Captioned web images
------------------------------------------------------------------------

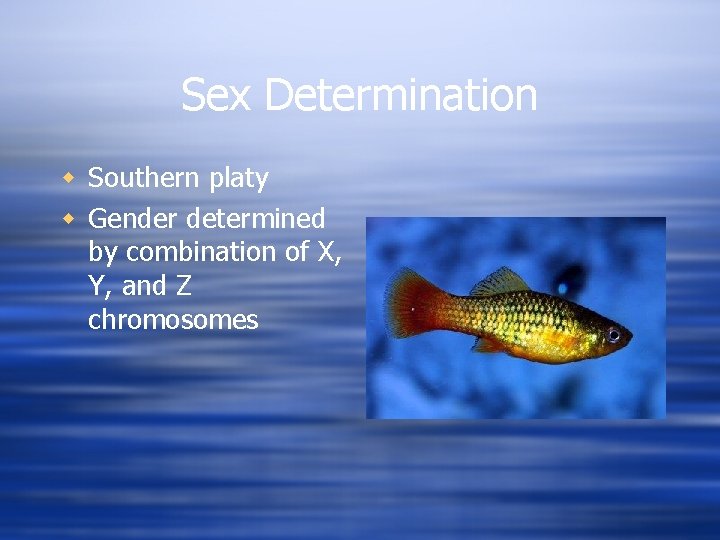 Sex Determination w Southern platy w Gender determined by combination of X, Y, and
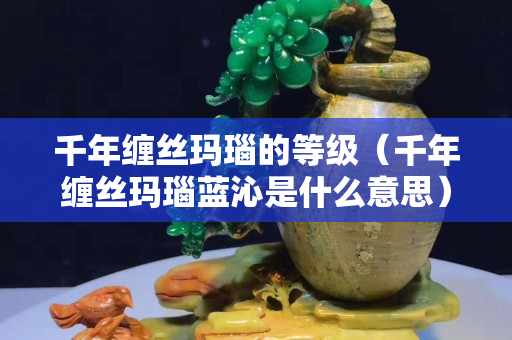千年纏絲瑪瑙的等級(jí)（千年纏絲瑪瑙藍(lán)沁是什么意思）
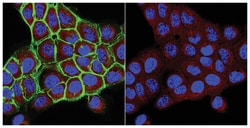 MilliporeSigma UDP-Galactose Transporter, Mouse, Unlabeled, Clone: 1H10.1,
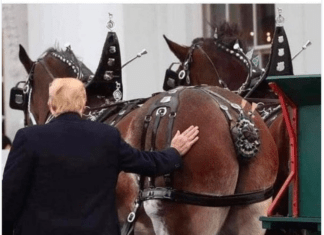 WATCH: Hilarious Mash Up, ‘The Week In MAGA’ You Can’t Make This Stuff Up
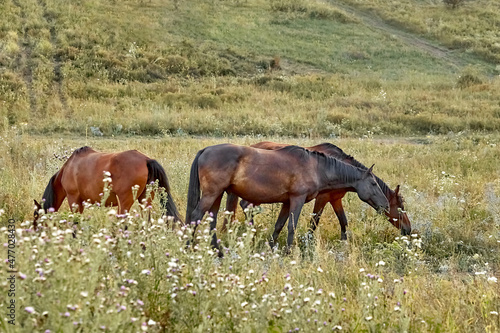 Horses graze in the meadow. Selective focus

------------------------------------------------------------------------

### Required action
Transcribe the records above exactly, excluding every picture.

### Result of the exercise
 Sex Determination w Southern platy w Gender determined by combination of X, Y, and
千年纏絲瑪瑙的等級(jí)（千年纏絲瑪瑙藍(lán)沁是什么意思）
 MilliporeSigma UDP-Galactose Transporter, Mouse, Unlabeled, Clone: 1H10.1,
 WATCH: Hilarious Mash Up, ‘The Week In MAGA’ You Can’t Make This Stuff Up
 Horses graze in the meadow. Selective focus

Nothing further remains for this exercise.